Today is an anxious day.

I am learning so much about faith.  And darnit, I'm not good at it.  That's probably why God keeps giving me so many opportunities to practice.

Why is it that so many awful stories come out of the woodwork when you're pregnant?  How can so many terrible things happen on this road to baby?

Even though I'm totally sick today (which tells me that we're still cookin', this little one and me), I'm also nervous.  Anxious.  I can feel that threat of whatif breathing down my neck.
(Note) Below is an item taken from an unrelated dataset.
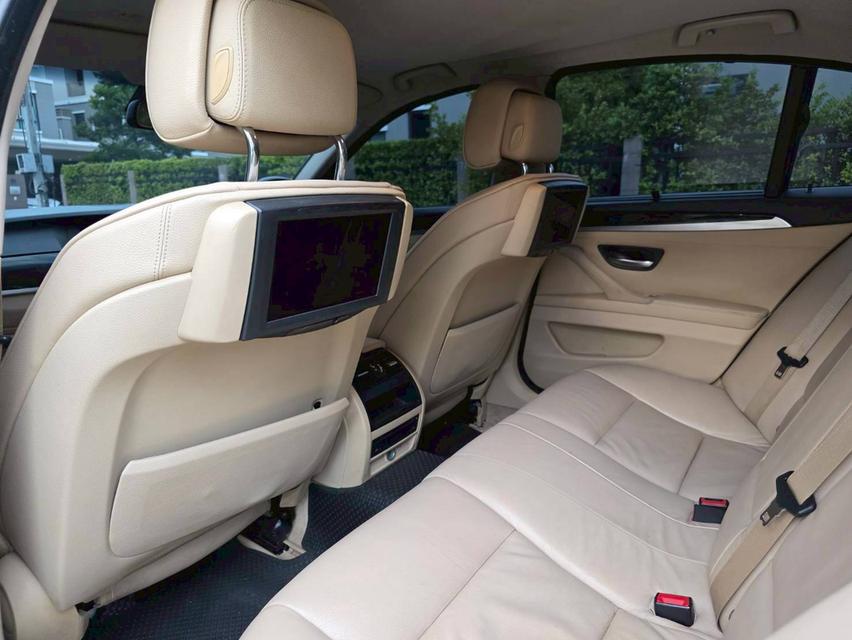 BMW 528i  10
I have the faith.  Truly, I do.  This tiny one growing in me is our baby.  I can just feel it deep down in the depths of my being.  I will be seeing his or her little face in August (if I'm really being honest, I'm convinced this is a September baby.  Leah was going nowhere and hadn't even dropped at week 39; she only got out by way of being breech.  I suspect I'm not an early deliver-er). 

The unknown.  It's out there, and it is so hard to keep my focus off of the dark shadow of could and might

The journey into motherhood is the scariest one I've ever taken. 

Don't get me wrong, it's also the best journey I've ever taken.  So, so beyond worth it.  But there is nothing comparable to this experience that so powerfully requires me to willingly bare my soul and open myself up to the possibility of pain and sorrow.   To invite the coulds and mights and whatifs in, in exchange for the chance to have the greatest miracle of all. 

It's a steep price.  It's one I know I'll pay again, God willing. 

Today is an anxious day.  Tomorrow will be better.


Faith.  
It always turns out just like God planned.